New Jersey-bred rockers Bon Jovi, singer-activist Nina Simone, new wave outfit Eurythmics and pioneering rapper LL Cool J are among this year’s nominees for the Rock and Roll Hall of Fame.
Historically, the ballot has been capped at about a dozen acts, but last year that figure rose to 19, which repeats itself this year.
Ten of these, including Rufus featuring Chaka Khan, the Cars, J. Geils Band, MC5, the Meters, Link Wray, the Zombies, and Depeche Mode, have been nominated before, but there were notable first-timers, including Simone and Eurythmics.
L.A. rap metal collective Rage Against the Machine and English rockers Radiohead both made the ballot during their first year of eligibility (25 years must pass since an act’s first recording), and singer Kate Bush, heavy metal band Judas Priest, roots band Dire Straits, gospel singer Sister Rosetta Tharpe and art rockers the Moody Blues were also nominated for the first time.
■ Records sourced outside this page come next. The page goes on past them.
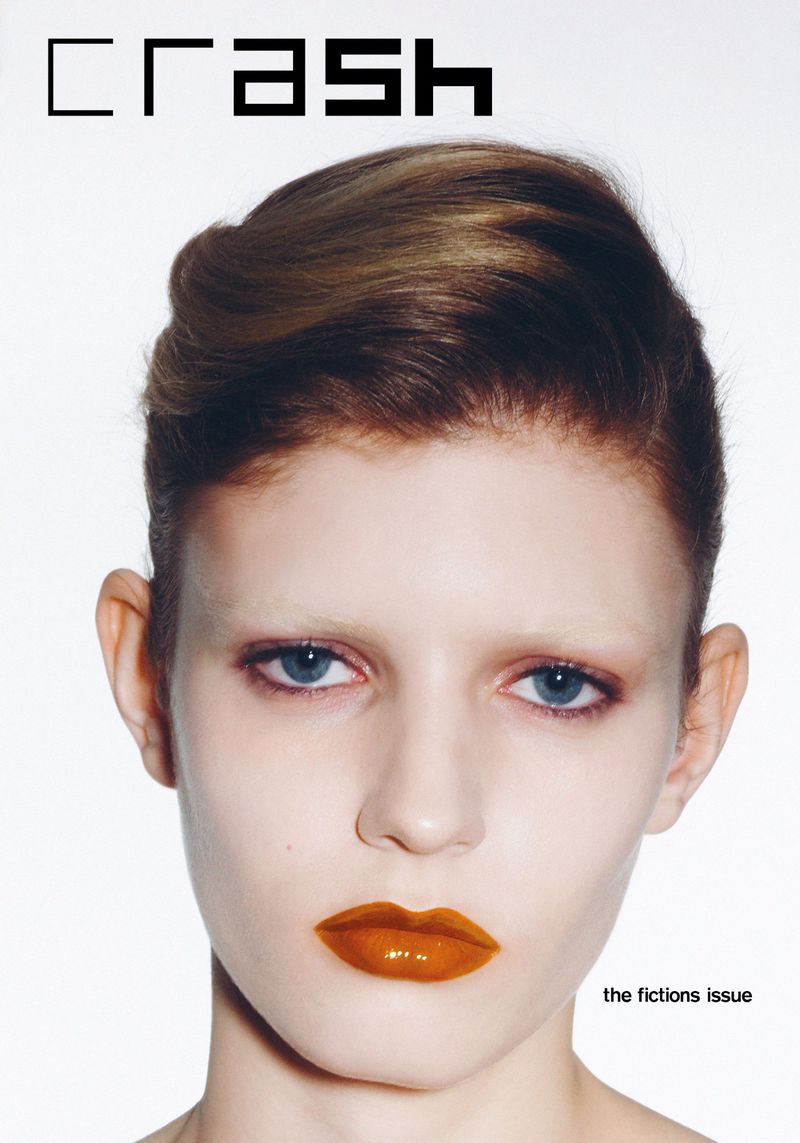 Close-up portrait of a young adult female model on a fashion magazine cover with retro-styled, short hair and striking gold lipstick.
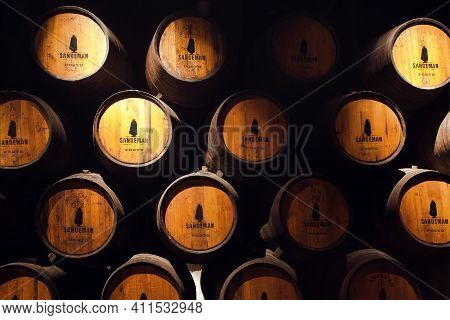 Porto, Portugal: Old Wooden Barrel Inside The Winery Sandeman, It Making Porto Wine From 18th Centur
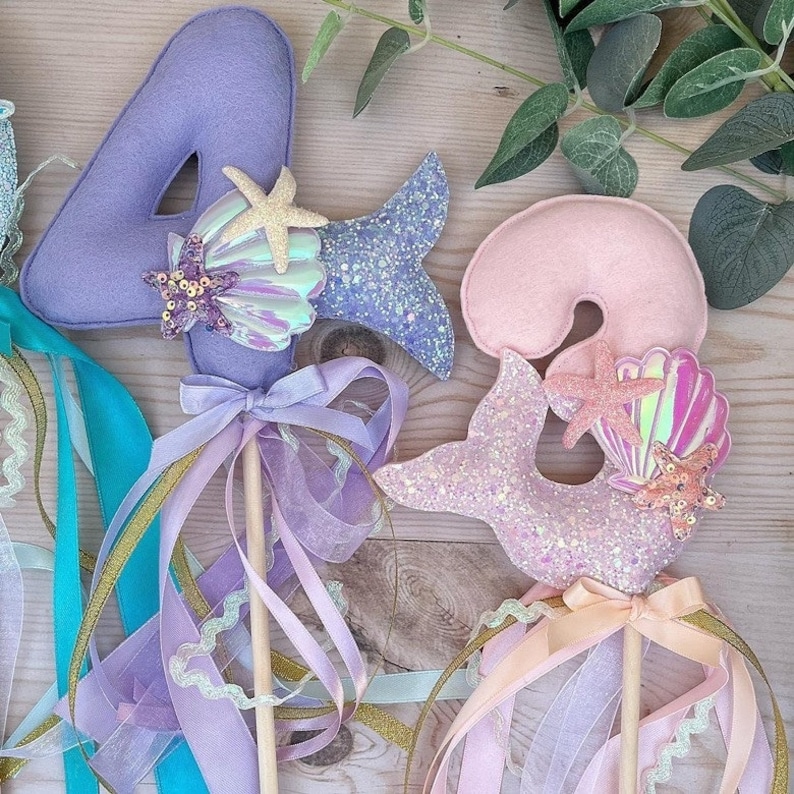 May include: Two purple, pink, and blue felt mermaid wands with glitter and seashell accents. The wands are decorated with ribbons and are perfect for a mermaid-themed party.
Most of them will be disappointed. While the number of nominees has almost doubled, the number of inductees remains in the single digits; only five to seven artists will be selected.
“Voting in the past has been so close,” Hall officials said in a statement. “Similar to last year, the nominating committee wanted to be more inclusive and have more choices for fans and the voting body.”
Winners are chosen by an international voting body of more than 900 that includes past inductees, historians and members of the music industry as well as the aggregate results of the Rock Hall’s online fan vote.
Factors such as an artist’s musical influence on other acts, the length and depth of career and the body of work, as well as innovation and superiority in style and technique are considered. Tupac Shakur, Yes, Joan Baez, Pearl Jam, Electric Light Orchestra and Journey were this year’s inductees.
Not every musician is a fan of the process. Earlier this year Radiohead made headlines when its members seemed less than enthusiastic about its prospects of being inducted.
"I don't want to be rude about the Rock and Roll Hall of Fame because for a lot of people it means something, but culturally I don't understand it,” member Ed O’Brien told Rolling Stone. “I think it might be a quintessential American thing. Brits are not very good at slapping ourselves on the back. It seems very showbiz and I'm not very showbiz … It's just really uncomfortable.”
Inductees for Rock Hall’s class of 2018 will be announced in December, with the ceremony, which takes place in New York, following in April. The ceremony will be broadcast on HBO as well as SiriusXM radio.
Fan voting on Rock Hall’s official site begins Wednesday and will continue through Dec. 5.